:: What to produce ::
Nothing but text lines should be duplicated: start with the first line of the listing below and stop after the line holding "Used 2015 Jeep", omitting pictures.

:: Given entries ::
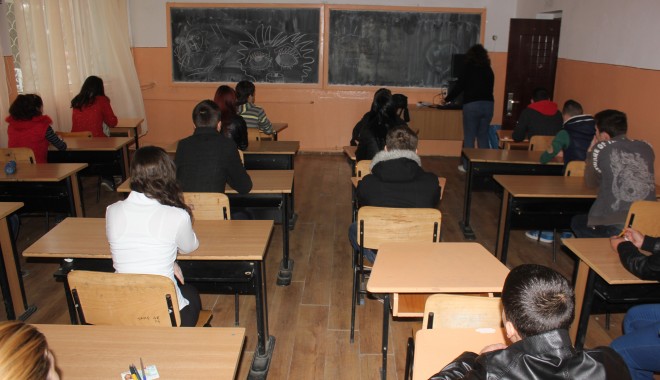 5.000 de tineri respinși la bacalaureat, propuși să primească 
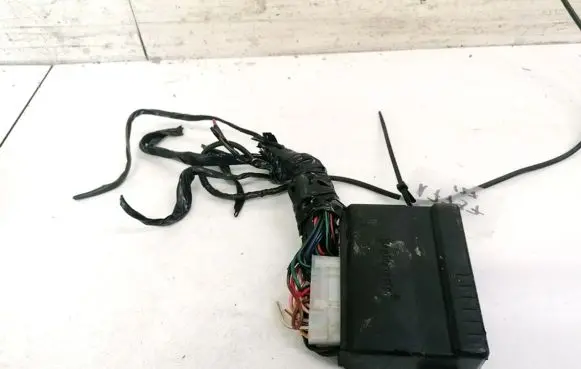 Volkswagen PASSAT B6 Alarm control unit/module 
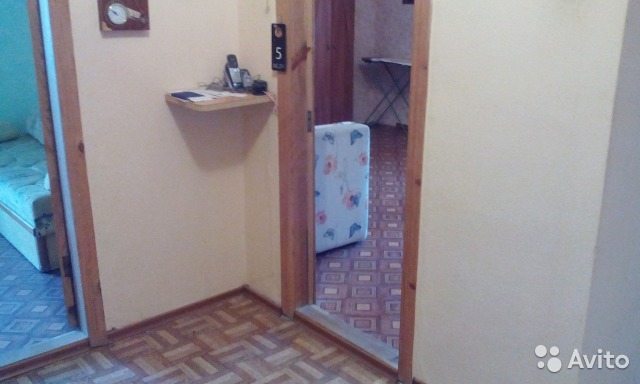 Продается двухкомнатная квартира улучшенной планировки в г. Севастополе, 6-й этаж, лифт работает, вид на город.... - 3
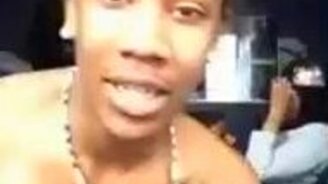 Доигрался с электрошокером - смотреть видео (1:17)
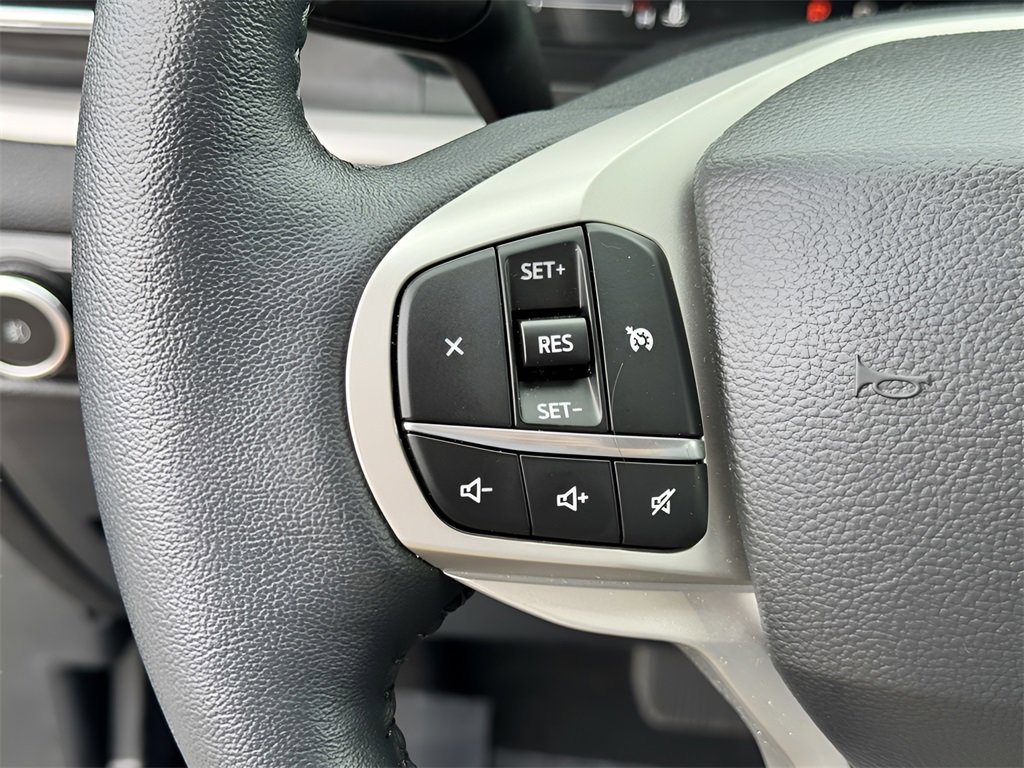 Used 2023 Ford Explorer XLT w/ Equipment Group 202A image 15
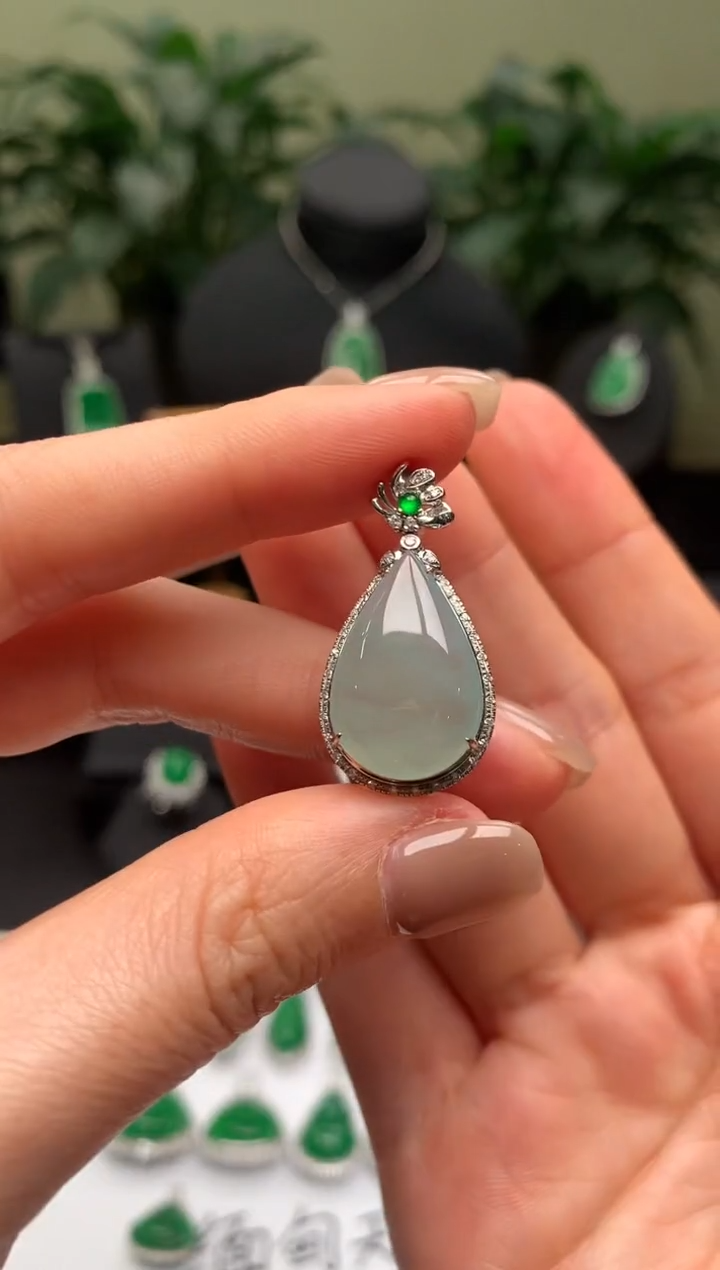 【闪购商品】翡翠颈饰18K金镶嵌水滴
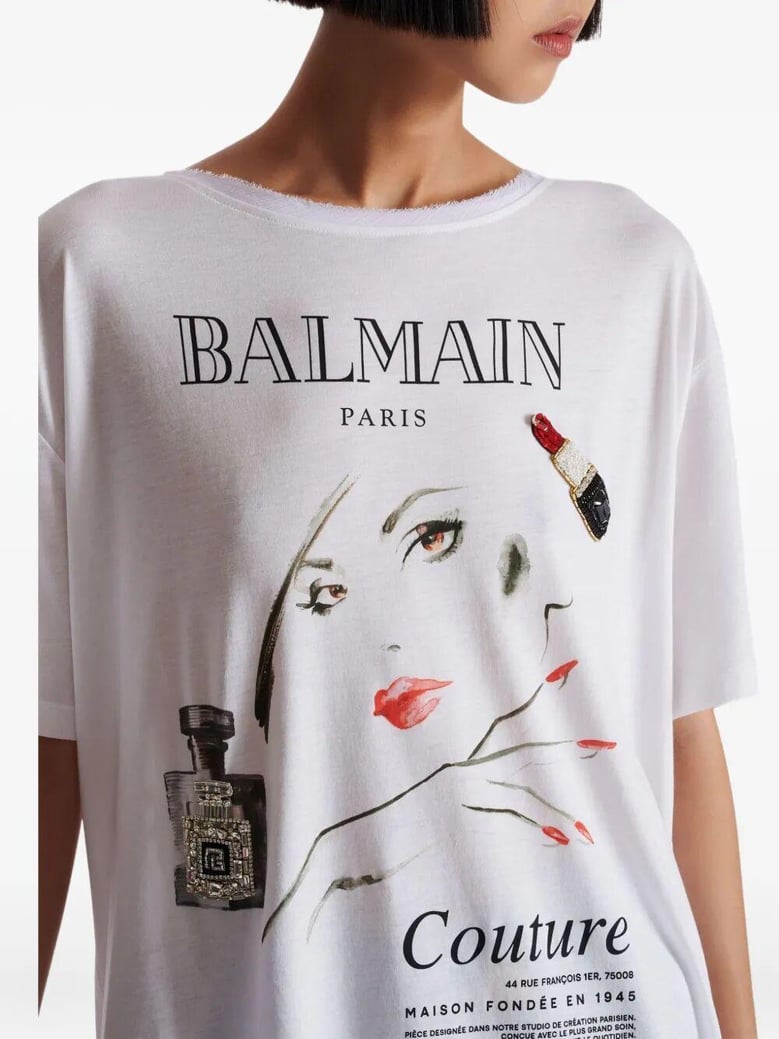 beauty print embroidery patches t-shirt by Selfnex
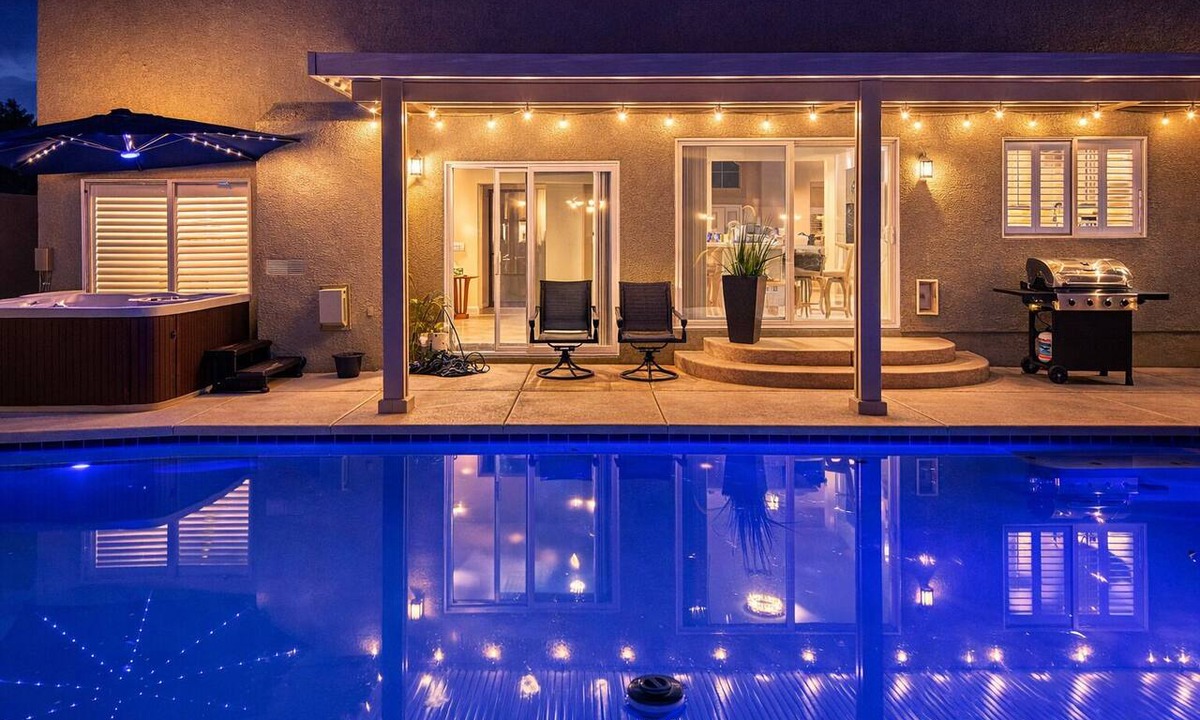 Las Vegas Villa | High-End Villa w/Pool & Spa; Close to the Strip!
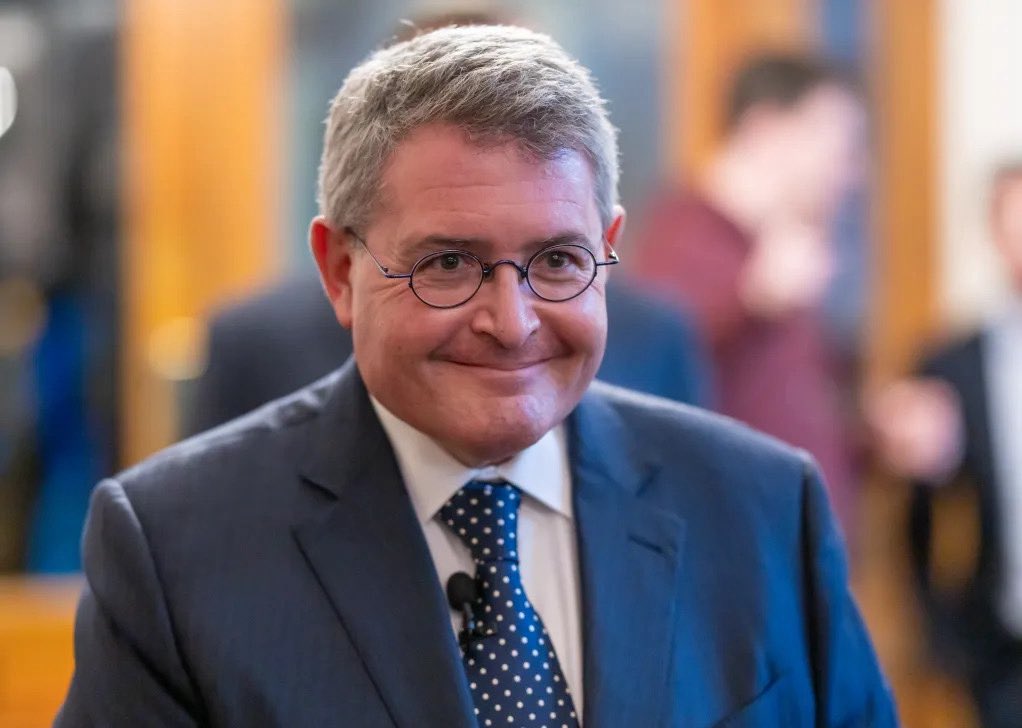 MattWallace888's tweet image. 🚨 Leonard Leo EXPOSED 🚨

To every MAGA supporter who thought Leonard Leo was on our side: he funded a lawsuit designed to defeat Trump’s China tariffs. The tariffs that are reshoring factories and manufacturing. The tariffs punishing the CCP for flooding our streets with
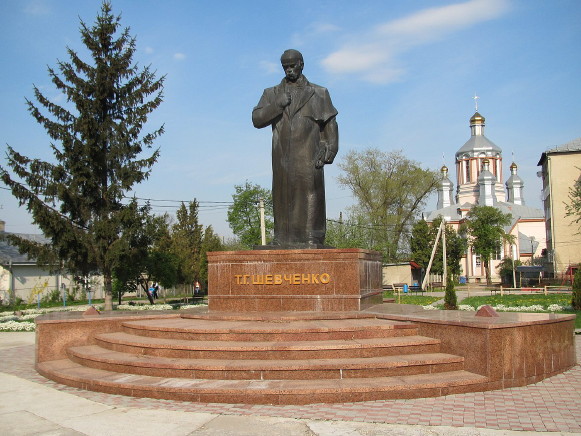 Image -- Tysmenytsia: town center.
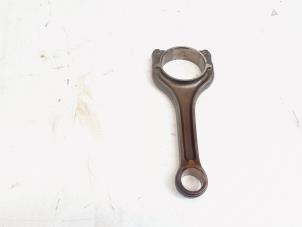 Gebruikte Drijfstang Volkswagen Golf VII (AUA) 1.0 TSI 12V Prijs € 98,00 Margeregeling aangeboden door GEJO Revisie & Onderdelen BV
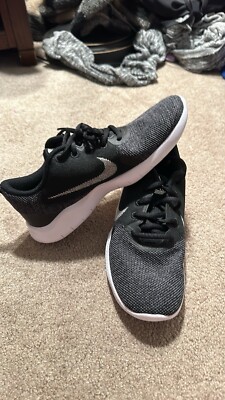 Size 6.5 - Nike Flex Experience Run 10 Black W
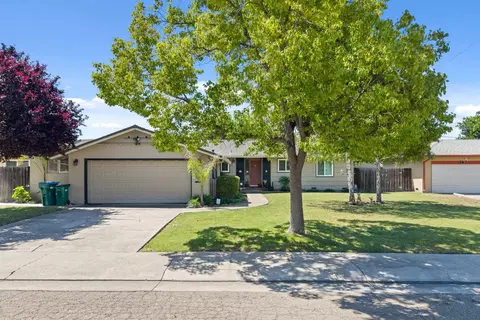 302 El Campo Ave, Stockton, CA 95207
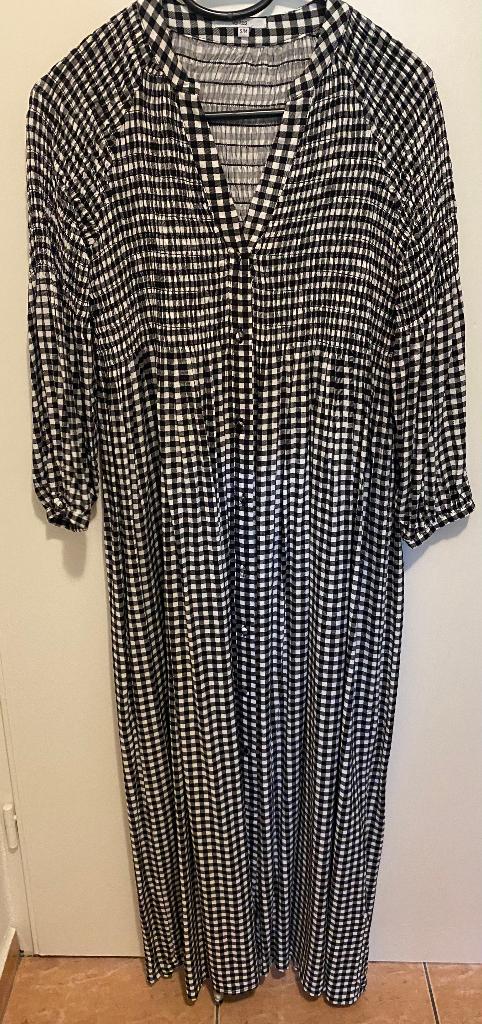 Jurk onder de knie,kleur zwart wit,maat m, merk veritas, Kleding | Dames, Maat 38/40 (M), Veritas, Zwart, Ophalen of Verzenden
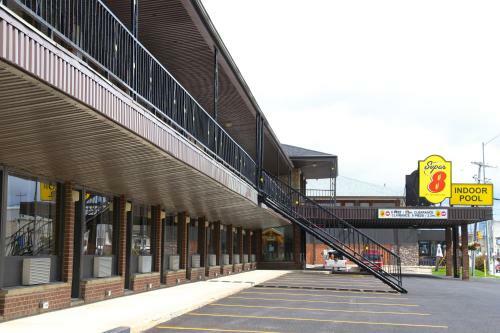 Hotel Super 8 By Wyndham Hearst On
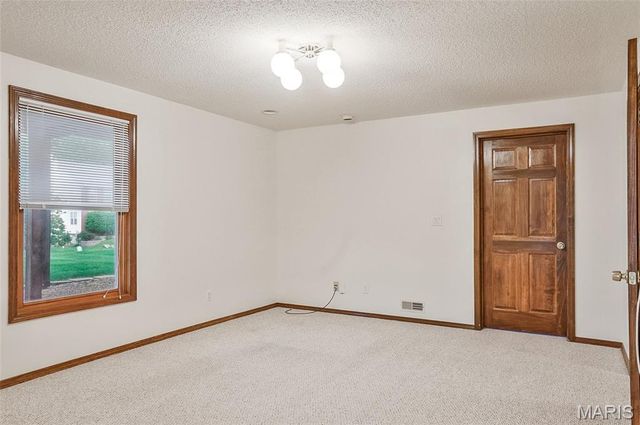 6810 Wynfield Terrace Drive, St Louis, MO 63129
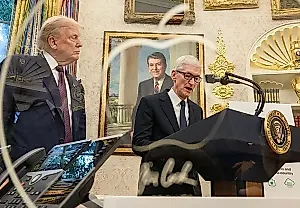 Подарок Cook и Трамп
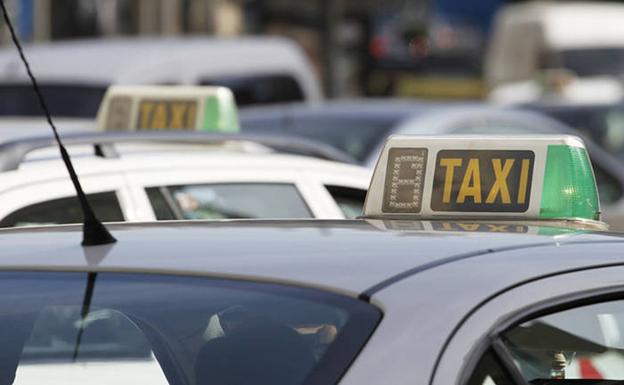 Los taxistas de la Costa exigen a la Junta que acelere su propuesta para regular los VTC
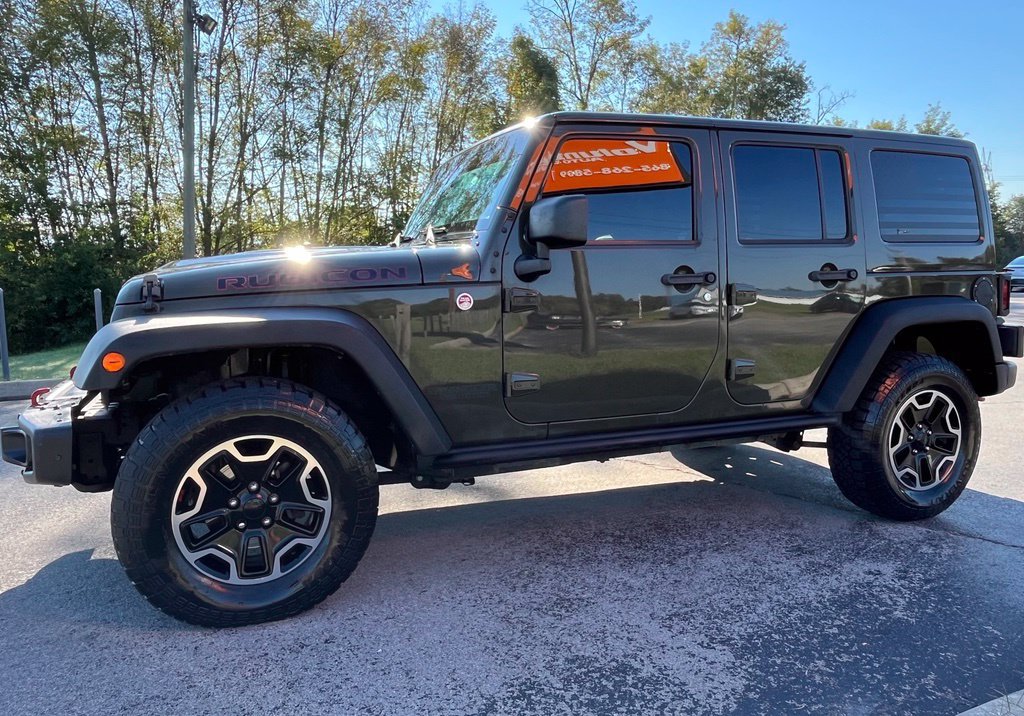 Used 2015 Jeep Wrangler Unlimited Rubicon AWD/4WD image 7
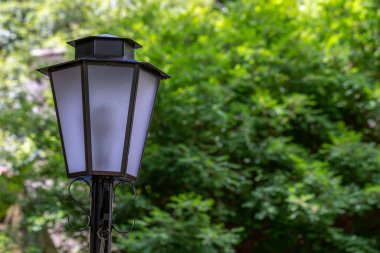 Bahçedeki eski lamba direği. Taşralı. Tarihsel.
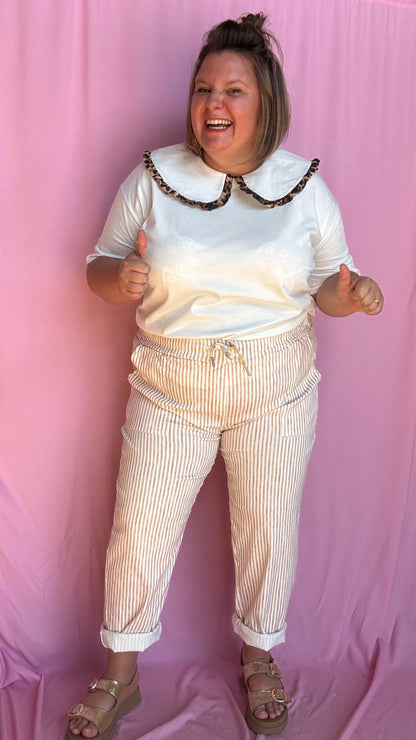 Ce pantalon chino grande taille à rayures verticales camel apporte de la structure à ta silhouette tout en restant ultra agréable à porter. 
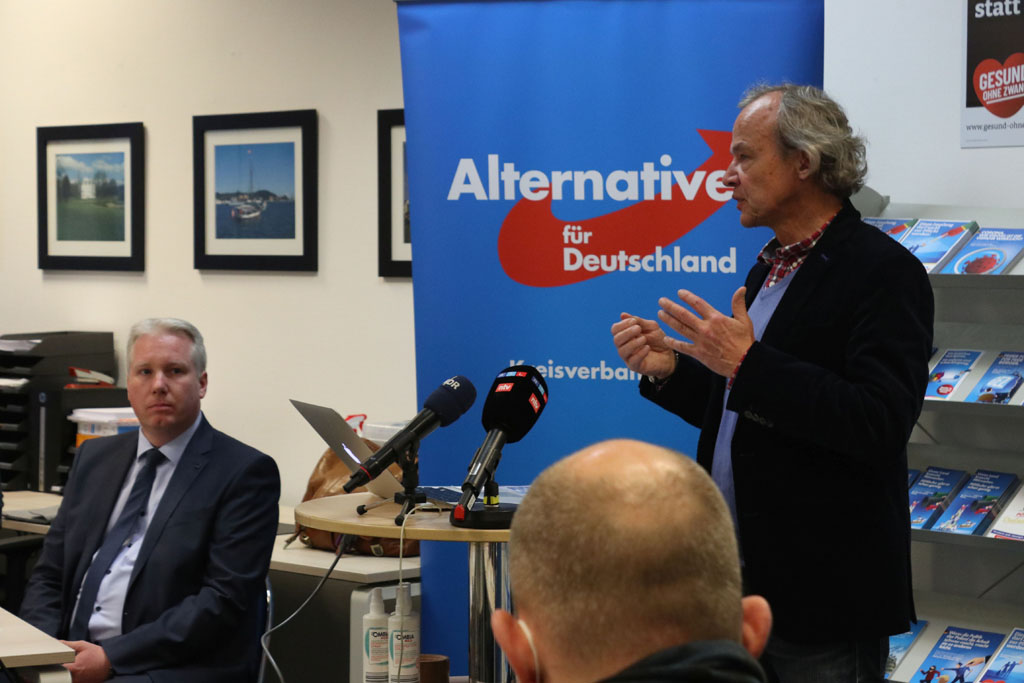 Spitzenkandidat Jörg Nobis (links) und der Listendritte Volker Schnurrbusch (am Mikrophon) stellen die Motive für den Wahlkampf zur Landtagswahl vor.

:: Answer box ::
 5.000 de tineri respinși la bacalaureat, propuși să primească 
 Volkswagen PASSAT B6 Alarm control unit/module 
 Продается двухкомнатная квартира улучшенной планировки в г. Севастополе, 6-й этаж, лифт работает, вид на город.... - 3
 Доигрался с электрошокером - смотреть видео (1:17)
 Used 2023 Ford Explorer XLT w/ Equipment Group 202A image 15
 【闪购商品】翡翠颈饰18K金镶嵌水滴
 beauty print embroidery patches t-shirt by Selfnex
 Las Vegas Villa | High-End Villa w/Pool & Spa; Close to the Strip!
 MattWallace888's tweet image. 🚨 Leonard Leo EXPOSED 🚨

To every MAGA supporter who thought Leonard Leo was on our side: he funded a lawsuit designed to defeat Trump’s China tariffs. The tariffs that are reshoring factories and manufacturing. The tariffs punishing the CCP for flooding our streets with
 Image -- Tysmenytsia: town center.
 Gebruikte Drijfstang Volkswagen Golf VII (AUA) 1.0 TSI 12V Prijs € 98,00 Margeregeling aangeboden door GEJO Revisie & Onderdelen BV
 Size 6.5 - Nike Flex Experience Run 10 Black W
 302 El Campo Ave, Stockton, CA 95207
 Jurk onder de knie,kleur zwart wit,maat m, merk veritas, Kleding | Dames, Maat 38/40 (M), Veritas, Zwart, Ophalen of Verzenden
 Hotel Super 8 By Wyndham Hearst On
 6810 Wynfield Terrace Drive, St Louis, MO 63129
 Подарок Cook и Трамп
 Los taxistas de la Costa exigen a la Junta que acelere su propuesta para regular los VTC
 Used 2015 Jeep Wrangler Unlimited Rubicon AWD/4WD image 7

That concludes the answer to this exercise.